Bitcoin (BTC) dipped below $92,000 during the overnight trade, revisiting levels that have proven resilient multiple times since December. However, the latest move comes with a notable uptick in perpetual futures open interest and price action that indicates seller dominance.
The number of open futures bets or open interest in the BTC/USDT pair trading on Binance rose by roughly 12,000 BTC (worth over $1 billion) as BTC’s price fell from $96,000 to under $92,000, according to data tracked by Coinglass.
An uptick in open interest alongside a price decline is said to represent an influx of bearish short positions. In other words, traders likely opened fresh shorts as the price dropped, perhaps in anticipation of an extended sell-off.
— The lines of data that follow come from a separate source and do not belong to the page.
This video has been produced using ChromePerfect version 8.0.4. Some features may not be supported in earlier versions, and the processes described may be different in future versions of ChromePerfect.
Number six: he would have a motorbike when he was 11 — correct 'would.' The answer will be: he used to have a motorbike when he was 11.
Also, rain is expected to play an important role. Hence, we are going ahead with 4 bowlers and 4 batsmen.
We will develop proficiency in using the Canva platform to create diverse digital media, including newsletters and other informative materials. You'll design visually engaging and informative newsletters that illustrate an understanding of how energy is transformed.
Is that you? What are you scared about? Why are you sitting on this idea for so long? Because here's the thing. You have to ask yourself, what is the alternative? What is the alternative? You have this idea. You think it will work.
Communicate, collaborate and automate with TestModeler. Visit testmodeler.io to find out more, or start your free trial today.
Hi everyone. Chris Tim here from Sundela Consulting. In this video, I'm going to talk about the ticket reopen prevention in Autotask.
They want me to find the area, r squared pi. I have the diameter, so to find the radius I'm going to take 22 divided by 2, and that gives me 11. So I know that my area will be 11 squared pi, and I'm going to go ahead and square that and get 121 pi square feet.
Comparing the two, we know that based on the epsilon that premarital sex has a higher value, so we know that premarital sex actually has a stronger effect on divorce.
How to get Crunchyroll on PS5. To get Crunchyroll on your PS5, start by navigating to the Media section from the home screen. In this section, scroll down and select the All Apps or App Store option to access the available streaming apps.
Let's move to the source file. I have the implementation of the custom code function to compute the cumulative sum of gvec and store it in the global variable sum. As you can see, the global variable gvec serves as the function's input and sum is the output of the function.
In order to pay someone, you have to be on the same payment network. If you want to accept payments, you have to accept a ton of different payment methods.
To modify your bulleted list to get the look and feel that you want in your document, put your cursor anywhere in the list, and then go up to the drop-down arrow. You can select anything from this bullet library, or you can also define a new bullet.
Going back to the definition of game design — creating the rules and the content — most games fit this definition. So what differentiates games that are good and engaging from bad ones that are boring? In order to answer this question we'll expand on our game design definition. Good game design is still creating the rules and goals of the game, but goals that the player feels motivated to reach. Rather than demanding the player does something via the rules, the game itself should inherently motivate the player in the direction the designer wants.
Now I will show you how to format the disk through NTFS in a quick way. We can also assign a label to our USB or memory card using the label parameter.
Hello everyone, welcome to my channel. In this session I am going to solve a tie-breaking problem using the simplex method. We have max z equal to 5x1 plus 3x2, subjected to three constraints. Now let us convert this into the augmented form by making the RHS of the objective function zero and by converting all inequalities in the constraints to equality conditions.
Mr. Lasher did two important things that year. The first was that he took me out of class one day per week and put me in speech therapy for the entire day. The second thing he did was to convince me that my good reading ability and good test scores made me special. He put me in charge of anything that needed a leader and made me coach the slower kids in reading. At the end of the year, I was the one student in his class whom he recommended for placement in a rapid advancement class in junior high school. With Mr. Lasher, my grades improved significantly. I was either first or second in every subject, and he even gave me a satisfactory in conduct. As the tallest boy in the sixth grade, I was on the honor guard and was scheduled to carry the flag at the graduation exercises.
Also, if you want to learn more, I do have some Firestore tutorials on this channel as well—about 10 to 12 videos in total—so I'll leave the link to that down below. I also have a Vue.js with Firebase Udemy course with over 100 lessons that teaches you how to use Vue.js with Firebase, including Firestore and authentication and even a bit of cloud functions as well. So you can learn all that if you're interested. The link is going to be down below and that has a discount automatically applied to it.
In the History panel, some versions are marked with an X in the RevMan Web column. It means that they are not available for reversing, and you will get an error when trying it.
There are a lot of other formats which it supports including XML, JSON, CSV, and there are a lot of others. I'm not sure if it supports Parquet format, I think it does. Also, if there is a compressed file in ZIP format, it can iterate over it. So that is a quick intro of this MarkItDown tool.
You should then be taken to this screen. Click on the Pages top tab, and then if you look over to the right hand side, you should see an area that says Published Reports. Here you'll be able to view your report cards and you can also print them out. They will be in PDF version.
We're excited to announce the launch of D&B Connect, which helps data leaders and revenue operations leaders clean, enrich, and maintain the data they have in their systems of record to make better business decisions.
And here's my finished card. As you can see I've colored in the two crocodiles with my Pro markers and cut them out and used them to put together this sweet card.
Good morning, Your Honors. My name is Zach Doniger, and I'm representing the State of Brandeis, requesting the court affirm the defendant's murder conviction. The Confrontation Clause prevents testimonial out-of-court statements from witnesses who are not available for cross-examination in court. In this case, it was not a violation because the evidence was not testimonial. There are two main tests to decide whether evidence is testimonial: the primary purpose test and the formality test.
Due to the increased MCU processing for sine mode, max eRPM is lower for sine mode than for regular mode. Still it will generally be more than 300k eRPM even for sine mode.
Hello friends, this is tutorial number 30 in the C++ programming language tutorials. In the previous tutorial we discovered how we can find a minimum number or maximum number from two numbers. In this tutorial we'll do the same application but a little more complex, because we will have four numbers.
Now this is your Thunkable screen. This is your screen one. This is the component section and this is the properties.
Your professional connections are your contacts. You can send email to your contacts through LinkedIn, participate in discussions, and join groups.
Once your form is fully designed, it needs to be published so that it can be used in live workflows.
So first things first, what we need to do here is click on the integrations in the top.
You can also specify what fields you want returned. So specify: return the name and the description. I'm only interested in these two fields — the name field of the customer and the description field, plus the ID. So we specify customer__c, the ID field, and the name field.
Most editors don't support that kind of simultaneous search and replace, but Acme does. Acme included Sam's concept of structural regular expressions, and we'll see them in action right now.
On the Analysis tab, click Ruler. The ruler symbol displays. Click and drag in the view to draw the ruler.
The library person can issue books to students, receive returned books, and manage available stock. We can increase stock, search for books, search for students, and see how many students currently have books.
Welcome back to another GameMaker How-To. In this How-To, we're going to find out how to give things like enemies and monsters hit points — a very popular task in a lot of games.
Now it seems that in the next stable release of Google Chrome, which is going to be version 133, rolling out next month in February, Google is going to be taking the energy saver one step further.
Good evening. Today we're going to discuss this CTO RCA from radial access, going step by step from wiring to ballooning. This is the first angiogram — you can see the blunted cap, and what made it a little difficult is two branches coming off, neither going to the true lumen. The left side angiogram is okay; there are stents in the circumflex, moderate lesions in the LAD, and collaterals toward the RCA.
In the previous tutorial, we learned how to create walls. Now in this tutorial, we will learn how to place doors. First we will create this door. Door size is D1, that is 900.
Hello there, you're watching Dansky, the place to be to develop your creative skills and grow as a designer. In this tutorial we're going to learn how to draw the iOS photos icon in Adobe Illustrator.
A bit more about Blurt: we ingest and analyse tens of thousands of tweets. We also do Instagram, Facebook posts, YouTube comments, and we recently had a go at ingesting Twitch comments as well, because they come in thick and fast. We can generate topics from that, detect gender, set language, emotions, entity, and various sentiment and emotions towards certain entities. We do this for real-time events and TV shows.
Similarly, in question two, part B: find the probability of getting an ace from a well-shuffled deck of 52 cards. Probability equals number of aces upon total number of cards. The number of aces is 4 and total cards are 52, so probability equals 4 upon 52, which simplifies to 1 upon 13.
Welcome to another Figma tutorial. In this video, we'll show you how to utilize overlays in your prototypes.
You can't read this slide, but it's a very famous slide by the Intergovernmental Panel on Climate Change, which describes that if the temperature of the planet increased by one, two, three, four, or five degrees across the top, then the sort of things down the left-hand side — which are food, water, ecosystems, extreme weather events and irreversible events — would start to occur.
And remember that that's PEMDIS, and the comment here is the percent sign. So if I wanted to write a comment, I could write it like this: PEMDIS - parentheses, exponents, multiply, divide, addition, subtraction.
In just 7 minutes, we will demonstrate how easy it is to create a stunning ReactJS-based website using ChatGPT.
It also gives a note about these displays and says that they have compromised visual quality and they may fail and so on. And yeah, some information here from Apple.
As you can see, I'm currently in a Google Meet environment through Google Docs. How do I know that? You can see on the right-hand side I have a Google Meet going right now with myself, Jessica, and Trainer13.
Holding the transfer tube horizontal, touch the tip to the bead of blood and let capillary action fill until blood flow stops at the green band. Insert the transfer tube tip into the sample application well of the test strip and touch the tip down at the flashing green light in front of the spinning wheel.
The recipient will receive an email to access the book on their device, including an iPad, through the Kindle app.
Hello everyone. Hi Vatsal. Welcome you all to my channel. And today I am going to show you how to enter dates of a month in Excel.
The cumulative volume delta (CVD) across both futures and spot markets on the exchange was already negative and has deepened further with the price drop, indicating that selling pressure has outpaced buying activity.
The CVD measures the net capital flows into the market, where positive and rising figures indicate buyer dominance, while negative values reflect increased selling pressure.
BTC chalks out bearish marubozu candle
Bitcoin dropped 4.86% on Monday with sellers dominating the price action throughout the day.
That’s reflected in the shape of Monday’s candlestick, which features negligible upper and lower shadows and a prominent red body. In other words, opening and closing prices are almost the same, a sign buyers had little say in the price action.
Technical analysts categorize this as a bearish marubozu pattern. The appearance of the bearish candlestick while prices hover below key 50- and 100-day simple moving averages (SMA) may embolden sellers, potentially leading to deeper losses.
Support (S) is seen near $89,200, the Jan. 13 low, followed by the 200-day SMA at $81,661. On the flip side, the Feb. 21 high of around $99,520 is the level to beat (R).